Jika kita analisis dengan pendekatan fenomonologis, dapat kita temui problematika keseharian kita hanyalah hal parsial, dari satu kesatuan ekses yang di gulirkan oleh proses politik. Jadi apa yang saya maksud di atas tentang gerak sejarah dan refrensi otentik, adalah bentuk proses dialektika politik yang termanifestasikan sebagai budaya politik yang dapat kita sangsikan hari ini. Hemat penulis kesenjangan yang demikian ekstrem ini adalah kenyataan yang harus secepatnya diubah oleh negara dan masyarakat oleh jalur pendidikan sebagai basis fundamental. Kesenjangan yang dimaksud bersifat multidimensi, ia berada dalam keadilan ekonomi, pendidikan, dan politik, yang paling mencengangkan penulis adalah kesenjangan intelektual, kesenjangan intelektualah yang kemudian berimplikasi pada tereduksinya makna politik dan kehidupan sosial. Kita seperti kehilangan marwah gotong royong yang tadinya adalah personalitas bangsa dan sekaligus menjadi identitas sosial.
Pendidikan Adalah Kunci
Pendidikan adalah kunci, dan kunci ini yang akan membuka gerbang ‘pencerahan’ bagi bangsa ini, tapi pendidikan pula yang menjaga kemunduran politik. Pendidikan memproduksi manusia-manusia yang bergantung pada siapa penguasa yang menjalankan proses pendidikan tersebut. Sejak awal tahun 2000-an kita melihat marak Sekolah Menengah Kejuruan berikut iklan-iklanya di Tv, dimana SMK ditampilkan sebagai pendidikan yang langsung diproyeksikan menjadi tenaga kerja professional. Disaat bersamaan pemerintah belum mampu melakukan menyerapaan tenaga kerja secara optimal, alhasil perusahaan outsourcing tumbuh subur di Indonesia, ketidak mampuan Negara mengoptimalisasikan BUMN dan menerjemahkan mandat konstitusi UU45 pasal 33, adalah karena sistem ekonomi politik kita yang bersebrangan dengan nilai-nilai kebangsaan. Sebab keterlanjuran ini sudah berjalan sejak tahun 70-an akhirnya kita dapat manusia-manusia kapitalis bermunculan dalam ranah politik.

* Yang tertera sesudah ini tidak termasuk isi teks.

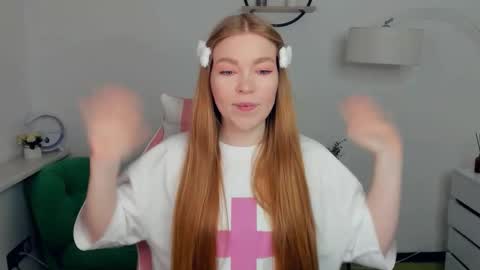 Snapshot of ledacopus chatting on 11.29.25 Lilly online show from 11.29.25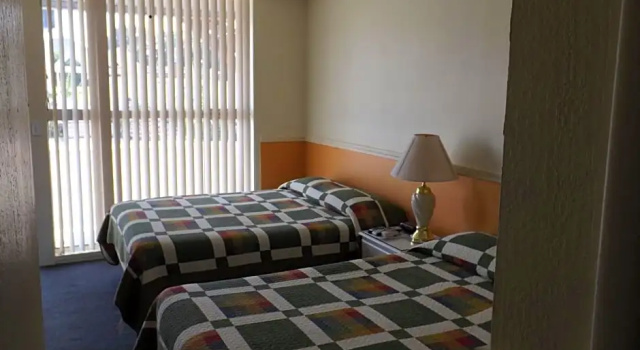 Номер Economy Twin Lakes Inn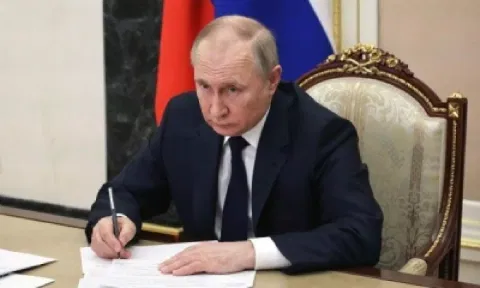 Putin ‘may try to blow up largest nuclear plant in Europe’, warns Ukraine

Lewat pendidikan kita harus berani menjawab persolan politik, dengan tidak hanya menggunakan ilmu politik, tapi juga filsafat politik sebagai entitas. para bapak bangsa telah mengajarkan seni berpolitik yang sedemikian indahnya bak senja yang di iringi angin sepoi di tepi pantai. Jangan sampai proses pembiaran terus-menerus terjadi dikalangan elite partai dan elit pemerintah, mereka-mereka yang diproduksi di era orba tidak ubahnya sebagai parasit yang menyebabkan kejumudan politik yang kian mendangkal dari makna filosofisnya. Pendidikan harus menjalankan tugasnya sebagai alat ‘pembebasan’, pembebasaan atas sistem ekonomi yang tidak adil dan hanya berpihakan pada investor, pembebasan atas segala bentuk penindasan, dan pendidikan harus merevolusi dirinya agar tak dijadikan alat kekuasaan negara, demi menjaga kepentingan para pemilik perusahaan yang mencari nafkah di negeri Indonesia tanpa memperdulikan kemanusiaan yang adil dan beradab.